Abbreviations: ECOG PS, the Eastern Cooperative Oncology Group Performance Status; U, Upper; M, Middle; L, Lower.

Immune-related adverse events

Regarding immune-related adverse events, hypothyroidism occurred in 2 patients, elevated liver enzyme levels in 2 patients (grades 1 and 3), and vitiligo in 1 patient. One patient with grade 3 elevated liver enzyme level discontinued treatment. The four patients with hypothyroidism, elevated liver enzyme levels, and vitiligo continued receiving treatment after the occurrence of immune-related adverse events.

DISCUSSION

We observed that NLR, especially NLRpost, was associated with PFS and OS. Our results indicated that the NLR might be useful as a prognostic factor of treatment with nivolumab monotherapy for AGC. This is the first report to show an association between NLR and clinical outcomes including PFS and OS for advanced gastric cancer patients treated with nivolumab.

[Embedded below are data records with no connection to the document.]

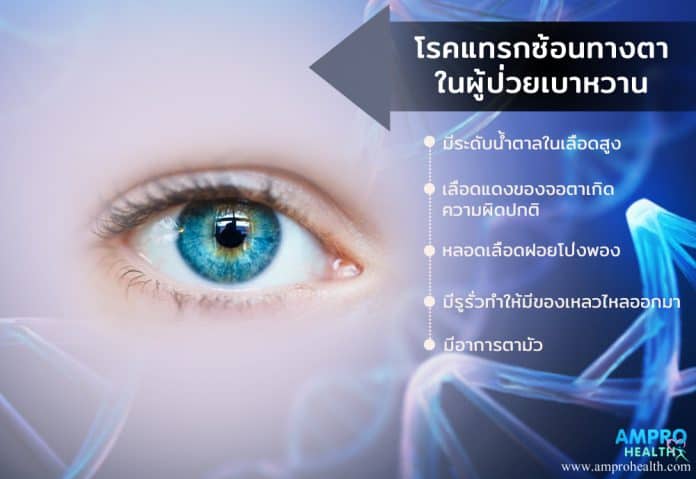 โรคแทรกซ้อนทางตาในผู้ป่วยเบาหวาน โรคแทรกซ้อนทางตาในผู้ป่วยเบาหวาน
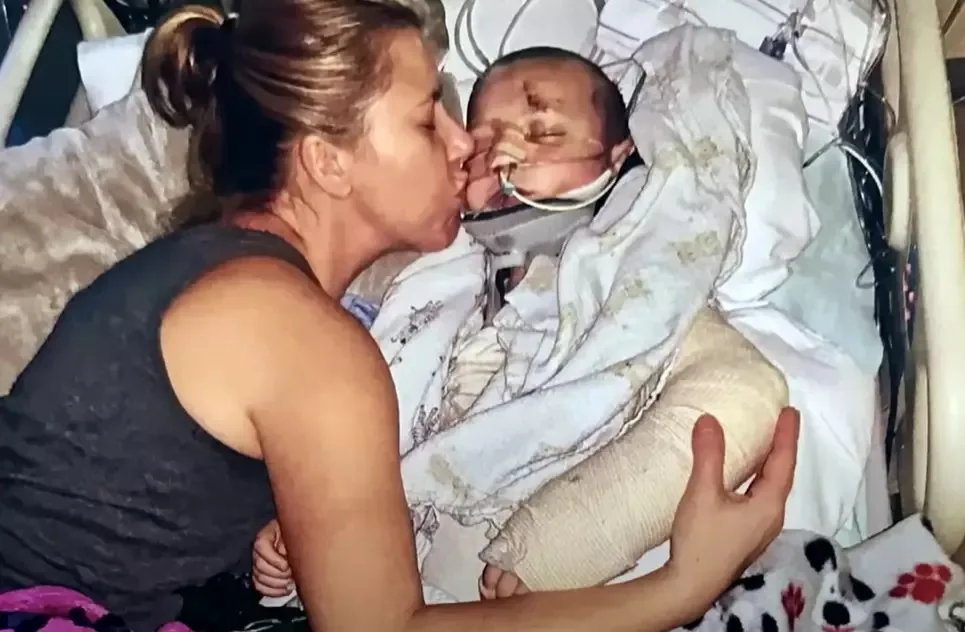 Image of young boy recovering in hospital after accident. He is covered in bandages and has tubes attached to his face. His mum, who has blonde hair and is wearing a grey singlet, is gently kissing his cheek.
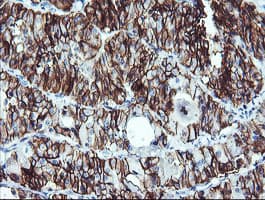 NCAM / CD56 Antibody (aa20-718, clone 1G4, Carrier-free)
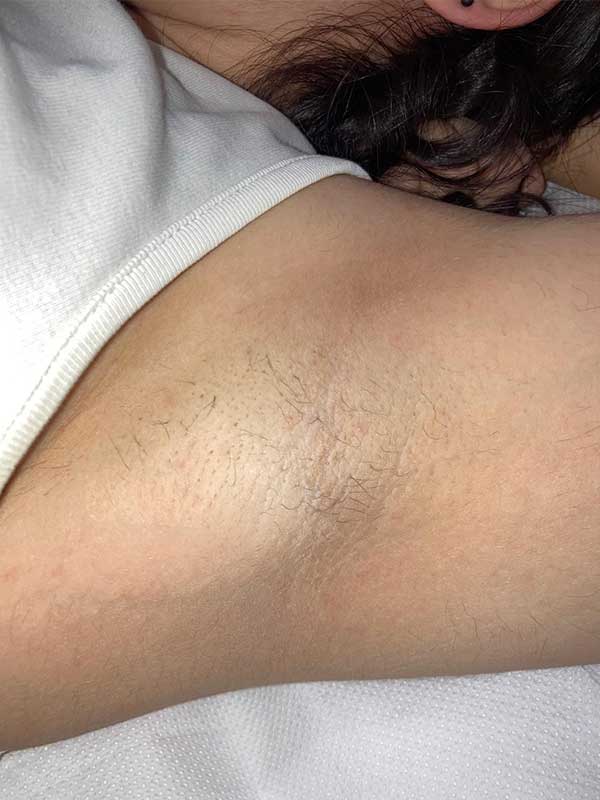 Estetica Saphir - Seconda seduta - Risultato dopo 2 mesi dalla prima seduta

We evaluated tumor responses and progressive disease according to RECIST and we considered the change in treatment. However, the activities of immune checkpoint inhibitors (ICIs), are different from cytotoxic agents, and pseudoprogression and hyperprogressive disease have been reported in patients treated with ICIs. In gastric cancer, hyperprogressive disease has been previously reported [10]. When the pseudoprogression occurred, we considered a change in treatment according to RECIST because we could not decide whether the progression was pseudoprogression or hyperprogressive disease. Recently, iRECIST was advocated [11], and “beyond progression” has been increasingly considered in tumor progression in treatment with ICIs. According to iRECIST, pseudoprogression may be noticed, but in the case of hyperprogressive disease the treatment is often continued inadequately. However, from the results of this study, it might be necessary to consider changing drugs as soon as progression is noted, when the NLR is high.

For the PFS and OS, the high NLRpre tended to be short. Since nivolumab monotherapy for AGC is considered the salvage line, nivolumab monotherapy will be selected as the third line in many cases even if the NLRpre is high. The hazard ratios of PFS and OS in NLRpost were higher, which was thought to have greater effects on PFS and OS. Therefore, it is better to consider changing the regimen before progression, when NLRpost exceeds the threshold of 5 and they were treated with nivolumab; therefore, the study of Jung et al. [12] and the study of NSCLC [79] that included treatment with nivolumab were referred to for the NLR cut-off value (Table 4). Nivolumab was different from the other cytotoxic agents, so nivolumab monotherapy for NSCLC was used as the reference. It is necessary to discuss whether this cut-off value is valid or not, but it was suggested that NLR could predict survival.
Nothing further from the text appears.